EngineeringRecording to disk using ScreenCaptureKit

Saving a screen capture to disk has some interesting edge cases when using ScreenCaptureKit. The documentation and WWDC videos don't really cover using the captured frame samples. We created an example.

Tom Lokhorst, Mathijs Kadijk

7 min read

Note: ScreenRecordingKit works in macOS 12.3 and later, if you need a solution that works on older macOS versions, check out “Recording to disk using AVCaptureScreenInput”.

tldr; Use an AVAssetWriter to save CMSampleBuffers in a SCStreamOutput callback. See our GitHub for a detailed example.

Recording to a file

ScreenCaptureKit is awesome, it allows for many custom filters to only capture specific content, and it is very efficient. In our recent project to build a new recording backend for Screen Studio, we needed to create a screen recording on macOS and write the output to a file on disk.

The WWDC talks introducing and going deeper into ScreenCaptureKit are great introductions to the new framework, but don’t detail how to write to file.

For Screen Studio, we need to save the recorded screen capture to a file on disk. Searching online, we didn’t find examples of this. Presumably most users of this new API are video conferencing apps, that stream of the network, instead of writing to disk.

During our development, we encountered some issues; the screen recording had black bars around it, it was blurry, and it didn’t work on a 5K display. We decided to do a dive deep into all these issues, this is what we found out:

A (simplified) overview: Using AVAssetWriter

This details a simplified overview of how to set everything up, ignoring all the edge cases.

An AVAssetWriter is used to create QuickTime and H.264 video files. It can write out files with multiple tracks both audio and video. A single track can be written using an AVAssetWriterInput.

let assetWriter = try AVAssetWriter(url: url, fileType: .mov)
let videoInput = AVAssetWriterInput(mediaType: .video, outputSettings: nil)
assetWriter.add(videoInput)

Prepare the AVAssetWriter by calling startWriting, then start a session:

assetWriter.startWriting()
let now = CMClock.hostTimeClock.time
assetWriter.startSession(atSourceTime: now)

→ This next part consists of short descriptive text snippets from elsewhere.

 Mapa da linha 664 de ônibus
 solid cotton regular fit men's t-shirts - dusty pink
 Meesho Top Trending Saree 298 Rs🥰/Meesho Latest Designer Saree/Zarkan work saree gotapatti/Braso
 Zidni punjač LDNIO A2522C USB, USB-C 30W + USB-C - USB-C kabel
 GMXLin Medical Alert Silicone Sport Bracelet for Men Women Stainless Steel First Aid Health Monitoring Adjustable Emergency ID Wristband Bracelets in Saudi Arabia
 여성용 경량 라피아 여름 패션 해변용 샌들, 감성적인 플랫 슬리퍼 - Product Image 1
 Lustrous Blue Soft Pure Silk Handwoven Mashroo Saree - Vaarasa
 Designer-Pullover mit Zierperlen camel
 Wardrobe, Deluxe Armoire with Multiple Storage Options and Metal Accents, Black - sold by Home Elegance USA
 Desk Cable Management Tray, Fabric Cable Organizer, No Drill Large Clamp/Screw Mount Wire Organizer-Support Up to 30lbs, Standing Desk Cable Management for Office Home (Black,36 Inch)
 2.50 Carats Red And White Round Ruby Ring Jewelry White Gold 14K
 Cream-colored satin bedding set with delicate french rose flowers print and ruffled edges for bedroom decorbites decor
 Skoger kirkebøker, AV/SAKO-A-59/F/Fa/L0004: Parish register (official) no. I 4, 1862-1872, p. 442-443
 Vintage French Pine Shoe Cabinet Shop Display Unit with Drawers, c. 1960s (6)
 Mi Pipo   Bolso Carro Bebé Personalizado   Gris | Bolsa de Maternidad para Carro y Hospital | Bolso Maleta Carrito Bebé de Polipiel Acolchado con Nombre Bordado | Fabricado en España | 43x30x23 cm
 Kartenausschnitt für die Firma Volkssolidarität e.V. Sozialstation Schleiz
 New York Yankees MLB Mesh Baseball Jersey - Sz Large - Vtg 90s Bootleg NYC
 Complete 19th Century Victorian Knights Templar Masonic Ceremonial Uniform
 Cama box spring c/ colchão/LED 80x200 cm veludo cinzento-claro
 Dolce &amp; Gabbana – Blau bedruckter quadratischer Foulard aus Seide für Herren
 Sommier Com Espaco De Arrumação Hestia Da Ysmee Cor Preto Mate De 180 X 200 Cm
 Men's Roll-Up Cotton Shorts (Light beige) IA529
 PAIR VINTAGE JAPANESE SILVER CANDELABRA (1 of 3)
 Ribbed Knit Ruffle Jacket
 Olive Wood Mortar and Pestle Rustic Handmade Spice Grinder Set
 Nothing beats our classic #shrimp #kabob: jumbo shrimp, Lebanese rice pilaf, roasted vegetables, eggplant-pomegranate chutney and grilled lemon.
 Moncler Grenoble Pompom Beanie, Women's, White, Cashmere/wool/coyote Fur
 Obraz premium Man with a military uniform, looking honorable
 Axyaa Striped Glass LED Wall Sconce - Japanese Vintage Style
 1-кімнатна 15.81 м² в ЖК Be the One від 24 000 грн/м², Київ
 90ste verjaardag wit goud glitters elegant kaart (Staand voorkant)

Setup the SCStream and add an object for receiving callbacks when CMSampleBuffers are available:

let stream = SCStream(filter: filter, configuration: configuration, delegate: **nil**)
try stream.addStreamOutput(streamOutput, type: .screen, sampleHandlerQueue: videoSampleBufferQueue)
try await stream.startCapture()

And finally, in the stream(_:didOutputSampleBuffer:of:) function, append the CMSampleBuffer to the AVAssetWriterInput.

func stream(_ stream: SCStream, didOutputSampleBuffer sampleBuffer: CMSampleBuffer, of type: SCStreamOutputType) {
    // … code removed for simplicity, see GitHub for complete example
    videoInput.append(sampleBuffer)
}

To stop the recording, end the session on the AVAssetWriter and finish writing:

let now = CMClock.hostTimeClock.time
assetWriter.endSession(atSourceTime: now)
videoInput.markAsFinished()
await assetWriter.finishWriting()

Note that the above code is greatly simplified, and doesn’t handle all the edge cases. Let’s look at some of these edge cases.

Recording at correct (retina) resolution

Screenshot of screenrecording showing black bars around the recorded desktop
Initially, we had some issues. Black bars around the desktop, and everything was blurry (non-retina).

To make sure you’re recording full screen video, without black bars that is as sharp as possible for retina displays. Configure both the AVAssetInputWriter and the SCStreamConfiguration with the correct values.

AVAssetInputWriter takes an outputSettings of type [String : Any]?. To help with constructing this dictionary, use AVOutputSettingsAssistant.

let displaySize = CGDisplayBounds(displayID).size
let mode = CGDisplayCopyDisplayMode(displayID)!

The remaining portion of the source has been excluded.